Hier zeigt Georg Fritsch die Elsbeere, eine der seltensten Baumarten in Deutschland. Foto: Haider

Pflanzen, pflanzen, pflanzen! Für Georg Fritsch, den rührigen Vorsitzenden des Obst- und Gartenbauvereins Friedersried, gibt es dazu keine Alternative. Für die Unsitte, die Landschaft mit Asphalt und Beton zu versiegeln und für die "Verkiesung" von Gärten, findet der Vollblut-Gartler keine Worte mehr.

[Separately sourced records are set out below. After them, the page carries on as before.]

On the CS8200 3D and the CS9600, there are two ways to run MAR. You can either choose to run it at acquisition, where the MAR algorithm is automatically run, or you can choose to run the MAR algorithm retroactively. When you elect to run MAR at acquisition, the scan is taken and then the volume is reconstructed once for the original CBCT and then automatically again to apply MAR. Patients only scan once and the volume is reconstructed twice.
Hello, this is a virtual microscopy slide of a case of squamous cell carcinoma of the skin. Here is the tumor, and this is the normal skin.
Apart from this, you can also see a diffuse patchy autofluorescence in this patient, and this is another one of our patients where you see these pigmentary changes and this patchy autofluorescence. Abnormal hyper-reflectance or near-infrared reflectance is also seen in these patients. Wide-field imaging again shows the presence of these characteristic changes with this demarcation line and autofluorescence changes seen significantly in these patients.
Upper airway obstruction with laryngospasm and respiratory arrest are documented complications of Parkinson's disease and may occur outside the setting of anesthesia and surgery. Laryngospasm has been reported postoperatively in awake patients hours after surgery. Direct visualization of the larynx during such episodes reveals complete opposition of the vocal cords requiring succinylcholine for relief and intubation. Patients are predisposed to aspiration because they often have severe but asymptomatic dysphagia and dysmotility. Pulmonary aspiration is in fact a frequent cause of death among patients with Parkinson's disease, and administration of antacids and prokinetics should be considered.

Und darüber, dass in fast jedem Friedhof Bäume gefällt werden, weil das Laub dort störe, kann Fritsch nur den Kopf schütteln. "Gehört das Laub denn nicht auch zur Vergänglichkeit?", fragt er. "Schaut's in die Städte, die ham schöne Friedhöfe, je älter, umso besser und umso mehr Bäume, da stört sich keiner. Aber bei uns auf dem Land muss alles sauber sein". Das geht ihm nicht ein.

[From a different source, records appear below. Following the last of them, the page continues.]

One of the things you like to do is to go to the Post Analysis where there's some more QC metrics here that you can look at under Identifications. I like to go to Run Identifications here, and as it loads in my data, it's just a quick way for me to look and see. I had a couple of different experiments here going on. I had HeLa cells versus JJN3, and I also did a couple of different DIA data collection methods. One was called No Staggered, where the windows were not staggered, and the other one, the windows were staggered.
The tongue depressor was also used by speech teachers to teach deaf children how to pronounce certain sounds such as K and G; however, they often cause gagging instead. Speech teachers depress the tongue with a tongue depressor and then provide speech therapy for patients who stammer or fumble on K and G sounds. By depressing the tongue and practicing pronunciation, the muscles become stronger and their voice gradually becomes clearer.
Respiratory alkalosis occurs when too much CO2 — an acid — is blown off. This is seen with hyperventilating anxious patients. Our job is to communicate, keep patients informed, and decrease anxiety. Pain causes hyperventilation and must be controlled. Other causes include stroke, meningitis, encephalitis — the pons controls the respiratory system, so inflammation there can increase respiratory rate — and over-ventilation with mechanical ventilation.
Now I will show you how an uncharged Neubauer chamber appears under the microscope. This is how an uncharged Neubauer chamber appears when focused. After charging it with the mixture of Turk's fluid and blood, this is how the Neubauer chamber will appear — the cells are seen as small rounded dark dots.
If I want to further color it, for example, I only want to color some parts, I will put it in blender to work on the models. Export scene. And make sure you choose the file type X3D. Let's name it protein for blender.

Der Baum sei der Seelenspiegel des Menschen. Offenbar seien die Menschen nicht mehr geerdet. Zurück zu den Wurzeln müsse es heißen. Dass Bäume den Menschen guttun, werde andererseits neuerdings im Trend "Waldbaden" wiederentdeckt. Ja, denn Bäume und Menschen stünden seit jeher in enger Beziehung. Die Bäume und deren Früchte, Samen und Rinde: Sie seien Arznei, Nahrung, Baumaterial, Schattenspender, Klimaverbesserer, Treffpunkt, Gerichtsort in früheren Zeiten (Dorflinde). Doch viele Bäume sind in Gefahr. Ganze Wälder werden dem Klimawandel und vermehrter Trockenheit nicht standhalten. Deshalb müsse umgedacht und anders angepflanzt werden.